Submitted by scrawford on
|Title||Investigating Half Precision Arithmetic to Accelerate Dense Linear System Solvers|
|Publication Type||Conference Paper|
|Year of Publication||2017|
|Authors||Haidar, A., P. Wu, S. Tomov, and J. Dongarra|
|Conference Name||ScalA17: 8th Workshop on Latest Advances in Scalable Algorithms for Large-Scale Systems|
|Conference Location||Denver, CO|
The use of low-precision arithmetic in mixed-precision computing methods has been a powerful tool to accelerate numerous scientific computing applications. Artificial intelligence (AI) in particular has pushed this to current extremes, making use of half-precision floating-point arithmetic (FP16) in approaches based on neural networks. The appeal of FP16 is in the high performance that can be achieved using it on today’s powerful manycore GPU accelerators, e.g., like the NVIDIA V100, that can provide 120 TeraFLOPS alone in FP16. We present an investigation showing that other HPC applications can harness this power too, and in particular, the general HPC problem of solving Ax = b, where A is a large dense matrix, and the solution is needed in FP32 or FP64 accuracy.
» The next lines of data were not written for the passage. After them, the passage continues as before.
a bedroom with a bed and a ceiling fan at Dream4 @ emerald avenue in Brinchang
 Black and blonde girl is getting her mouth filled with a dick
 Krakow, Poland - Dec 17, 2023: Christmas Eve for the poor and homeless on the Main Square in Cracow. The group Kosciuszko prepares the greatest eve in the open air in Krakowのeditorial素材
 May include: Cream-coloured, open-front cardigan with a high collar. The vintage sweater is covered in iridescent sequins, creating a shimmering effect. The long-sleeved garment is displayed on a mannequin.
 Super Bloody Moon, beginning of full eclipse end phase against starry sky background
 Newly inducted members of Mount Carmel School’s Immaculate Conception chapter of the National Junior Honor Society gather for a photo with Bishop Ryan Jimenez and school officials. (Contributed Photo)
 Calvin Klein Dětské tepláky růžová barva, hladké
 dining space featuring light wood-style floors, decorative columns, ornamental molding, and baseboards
Our approach is based on the mixed-precision iterative refinement technique – we generalize and extend prior advances into a framework, for which we develop architecture-specific algorithms and highly-tuned implementations that resolve the main computational challenges of efficiently parallelizing, scaling, and using FP16 arithmetic in the approach on high-end GPUs. Subsequently, we show for a first time how the use of FP16 arithmetic can significantly accelerate, as well as make more energy efficient, FP32 or FP64-precision Ax = b solvers. Our results are reproducible and the developments will be made available through the MAGMA library. We quantify in practice the performance, and limitations of the approach.